RECORDS PROVIDED:
^^^^

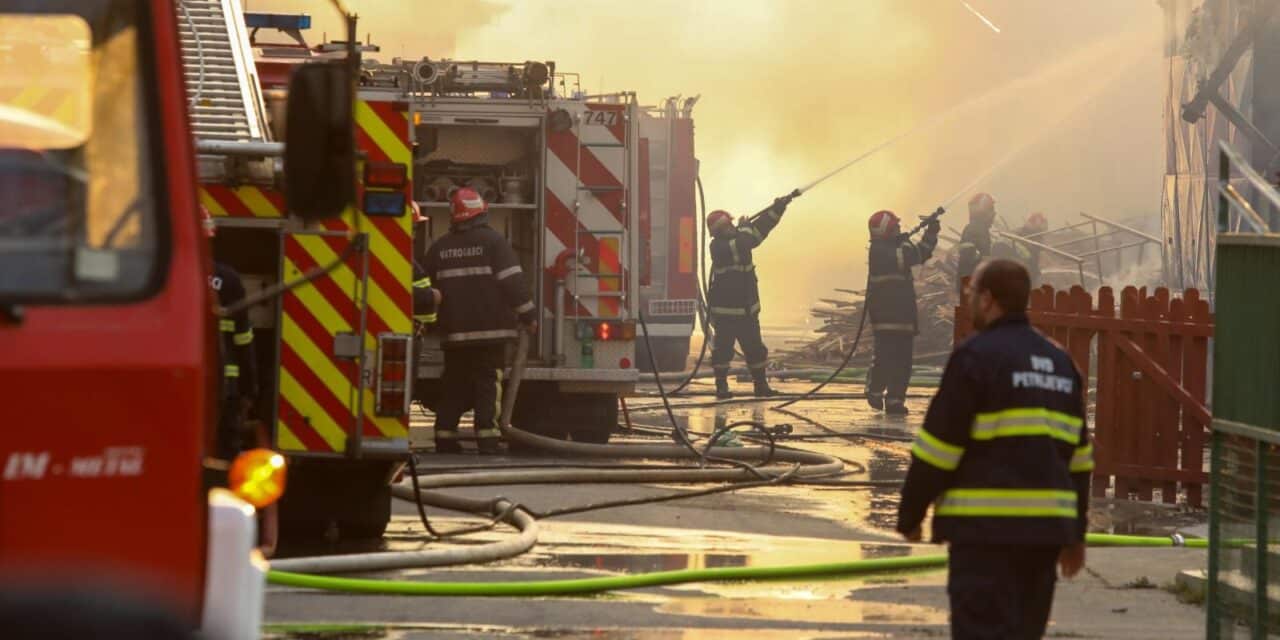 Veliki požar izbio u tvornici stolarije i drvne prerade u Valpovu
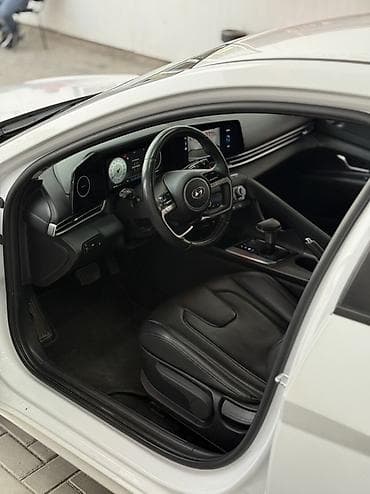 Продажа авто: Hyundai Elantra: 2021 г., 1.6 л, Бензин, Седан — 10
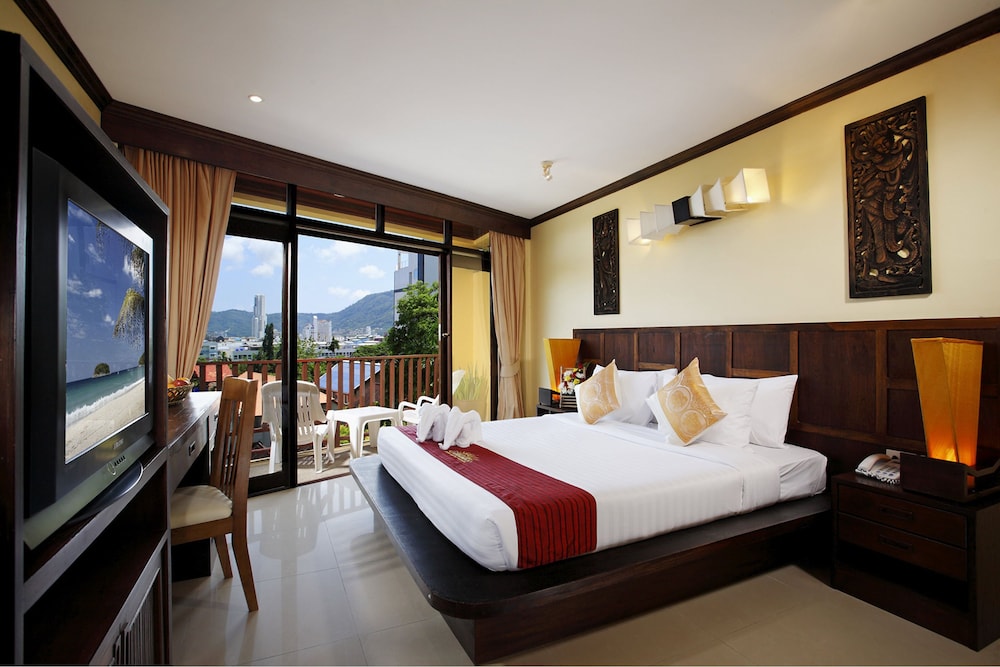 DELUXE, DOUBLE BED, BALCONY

^^^^

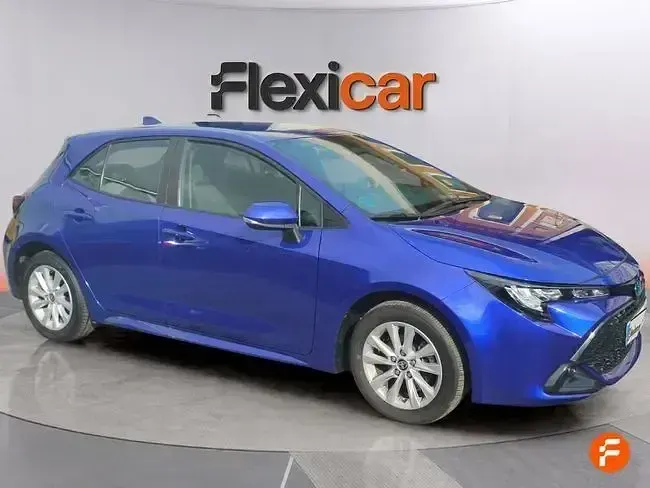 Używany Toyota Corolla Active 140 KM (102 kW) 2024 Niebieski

^^^^

REQUIRED WORK:
In the entries above, find the line that contains "Продажа авто: Hyundai" and the line that contains "DELUXE, DOUBLE BED, BALCONY". Reproduce exactly those two lines and every line between them, but not the pictures.

RESPONSE AREA:
 Продажа авто: Hyundai Elantra: 2021 г., 1.6 л, Бензин, Седан — 10
 DELUXE, DOUBLE BED, BALCONY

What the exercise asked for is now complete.